The Russell Midcap Index Index measures the performance of the mid-cap segment of the U.S. equity universe. It includes approximately 800 of the smallest companies in the Russell 1000 Index, based on a combination of their market cap and current index membership. The Russell Midcap represents approximately 31% of the total market capitalization of the Russell 1000 Index.

The Russell 2000 Index measures the performance of the small-cap segment of the U.S. equity universe and is a subset of the Russell 3000 Index representing approximately 10% of the total market capitalization of that index. It includes approximately 2000 of the smallest securities based on a combination of their market cap and current index membership.

The Russell 3000 Index measures the performance of the largest 3,000 U.S. companies representing approximately 98% of the investable U.S. equity market.

The S&P 500 is an index of 500 stocks chosen for market size, liquidity and industry grouping (among other factors) designed to be a leading indicator of U.S. equities and is meant to reflect the risk/return characteristics of the large cap universe.

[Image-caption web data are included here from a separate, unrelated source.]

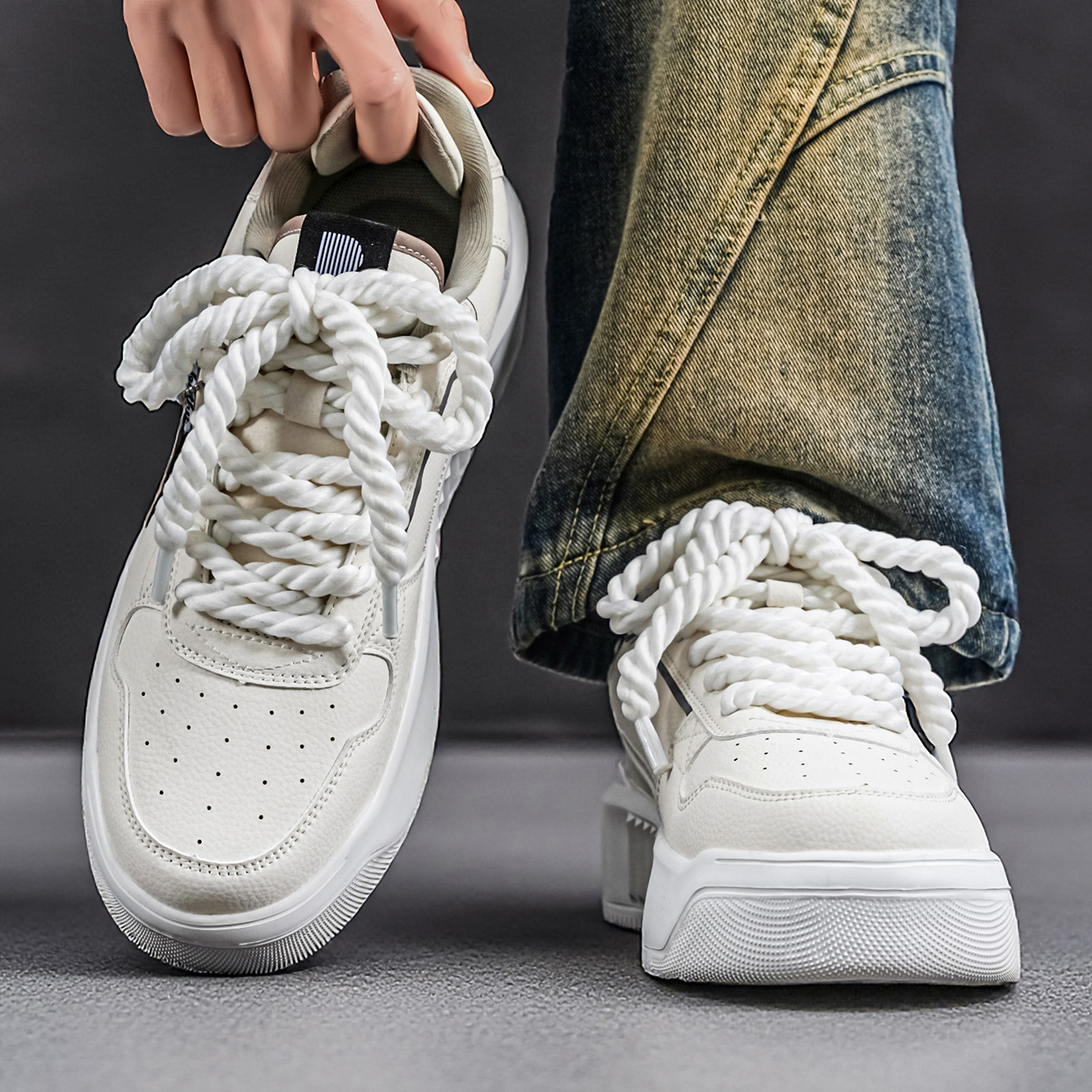 Softswear® ChunkyLace Platform V1 - White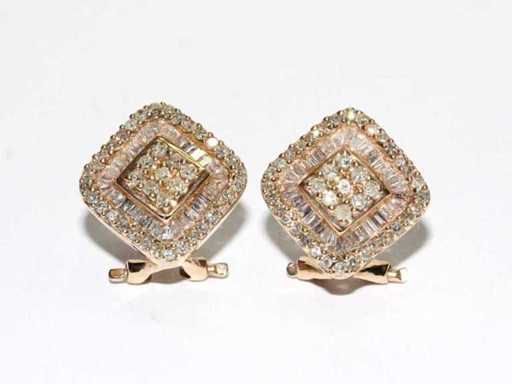 9 KT Yellow Gold Earring With 0.95 Cts Natural Diamond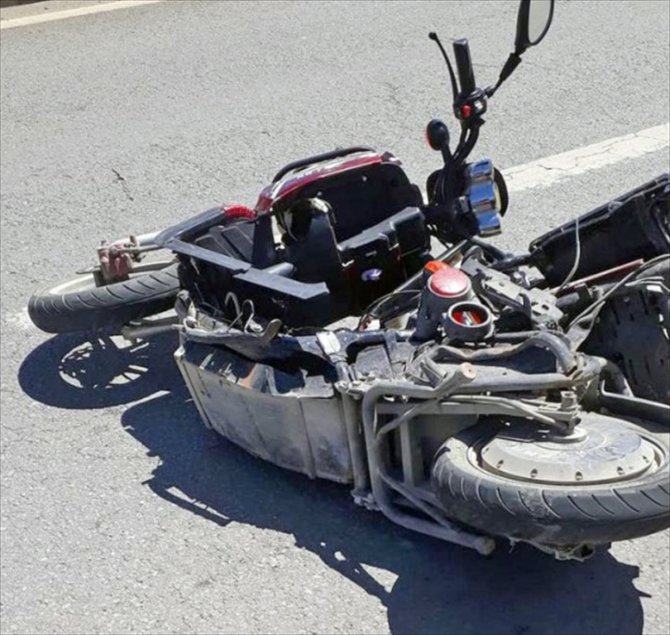 Mersin'de hafif ticari araçla çarpışan elektrikli bisikletteki 2 kişi öldü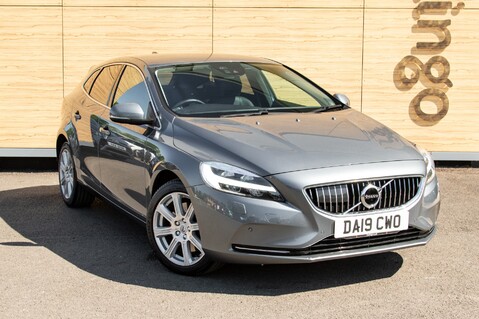 Volvo V40 T3 INSCRIPTION EDITION 1
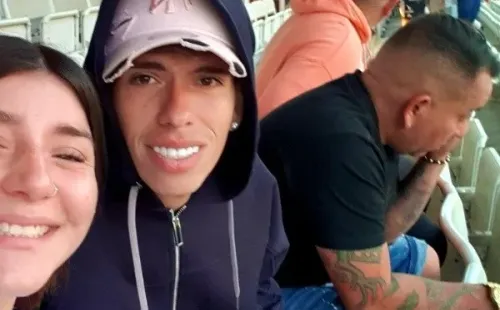 Palacios fue a ver otra vez a Colo Colo en el estadio Monumental. (Foto: @macatds)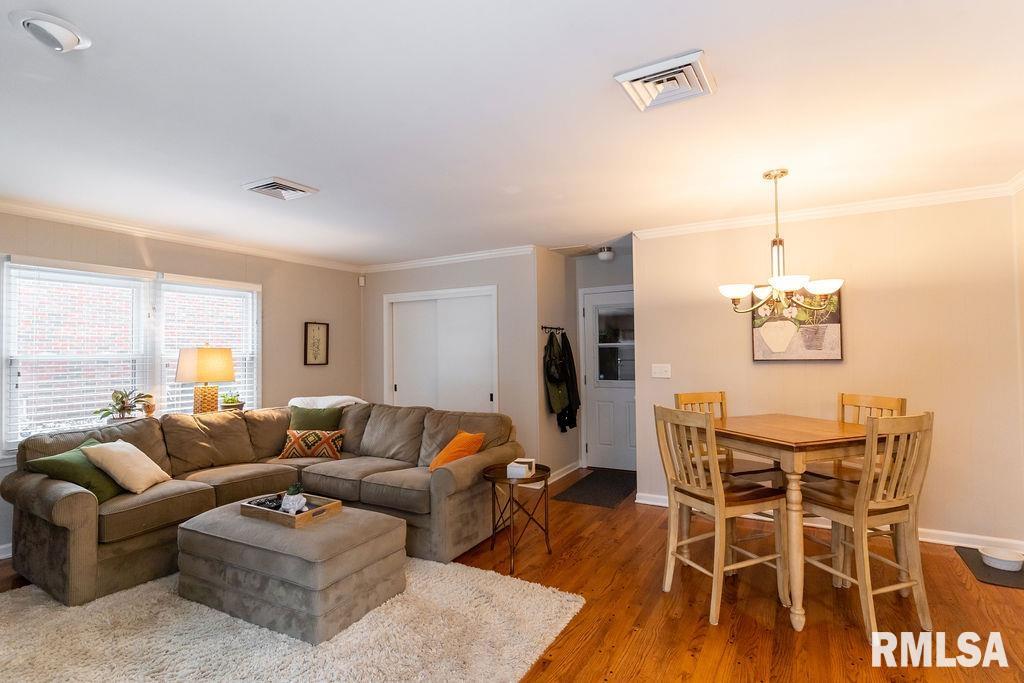 2320 Bates Avenue Springfield, IL 62704 - Photo 11 of 29 Gallery Image 11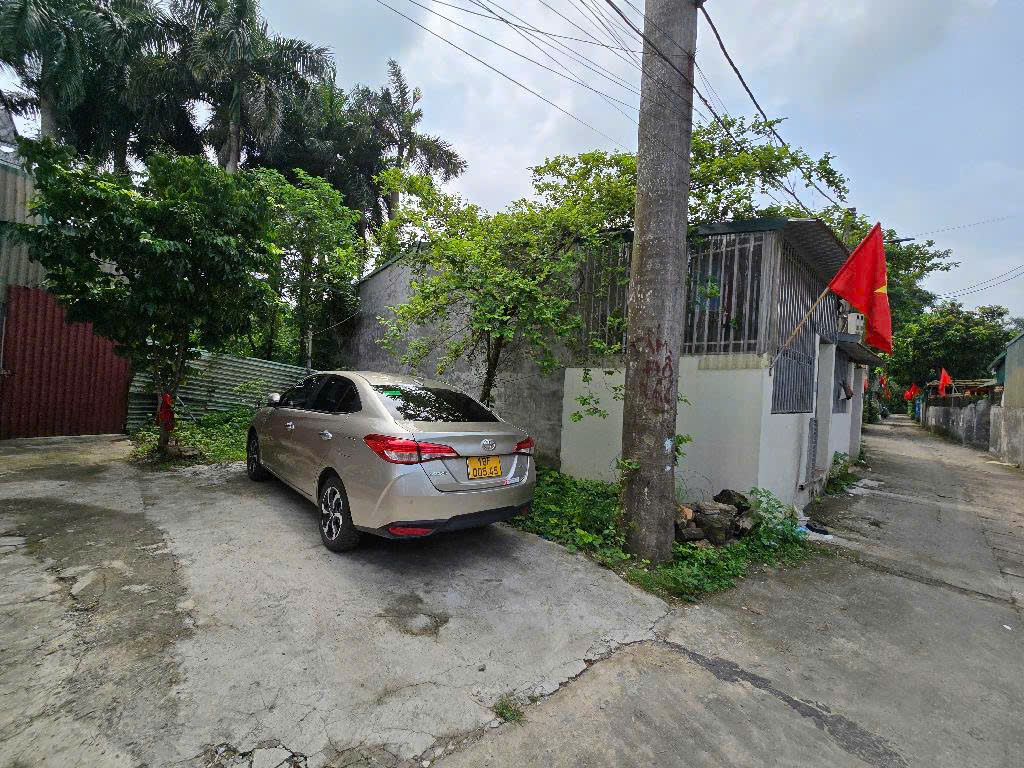 Chính chủ cần bán đất, vị trí ngõ thông ô tô cực đẹp,dân cư văn minh yên tĩnh, xây để ở hoặc chothuê - Ảnh chính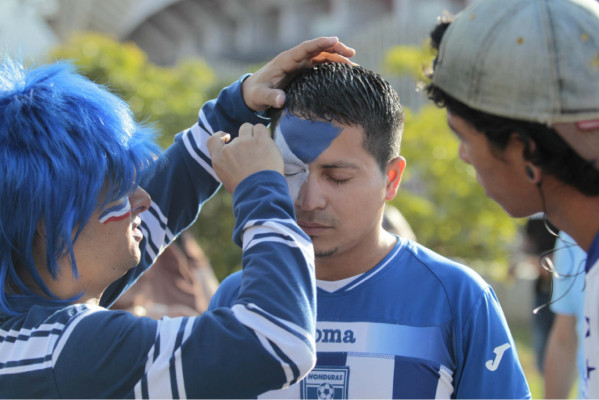Ambiente en el partido Honduras vr Costa Rica.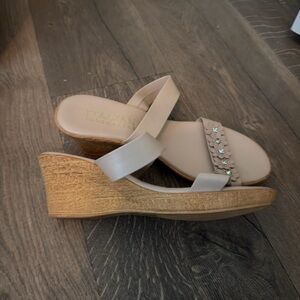 Italian Shoemakers size 9.5 pink floral wedges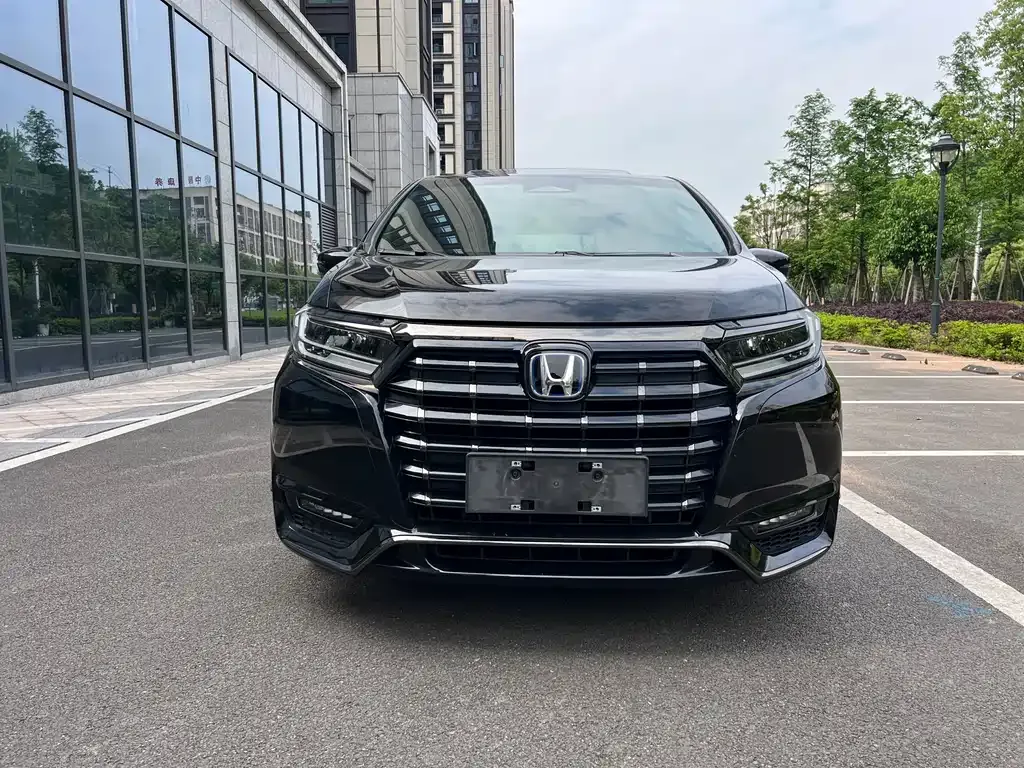 Honda Elysion 2025 из CN, фото 6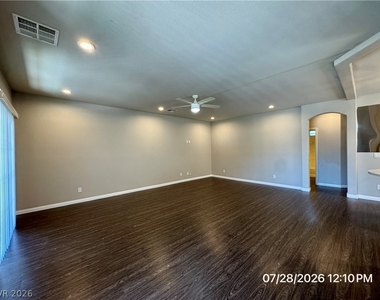 6049 Thistle Meadow Avenue - Photo Thumbnail 10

The S&P GSCI Crude Oil Indexis a sub-index of the S&P GSCI, provides investors with a reliable and publicly available benchmark for investment performance in the crude oil market.

The S&P GSCI Gold Index a sub-index of the S&P GSCI, provides investors with a reliable and publicly available benchmark tracking the COMEX gold futures market.

West Texas Intermediate (WTI) is crude oil produced in Texas and southern Oklahoma which serves as a reference or "marker" for pricing several other crude streams. WTI is the underlying commodity of the New York Mercantile Exchange's oil futures contracts.

The U.S. Dollar Index is a weighted geometric mean that provides a value measure of the United States dollar relative to a basket of major foreign currencies. The index, often carrying a USDX or DXY moniker, started in March 1973, beginning with a value of the U.S. Dollar Index at 100.000. It has since reached a February 1985 high of 164.720, and has been as low as 70.698 in March 2008.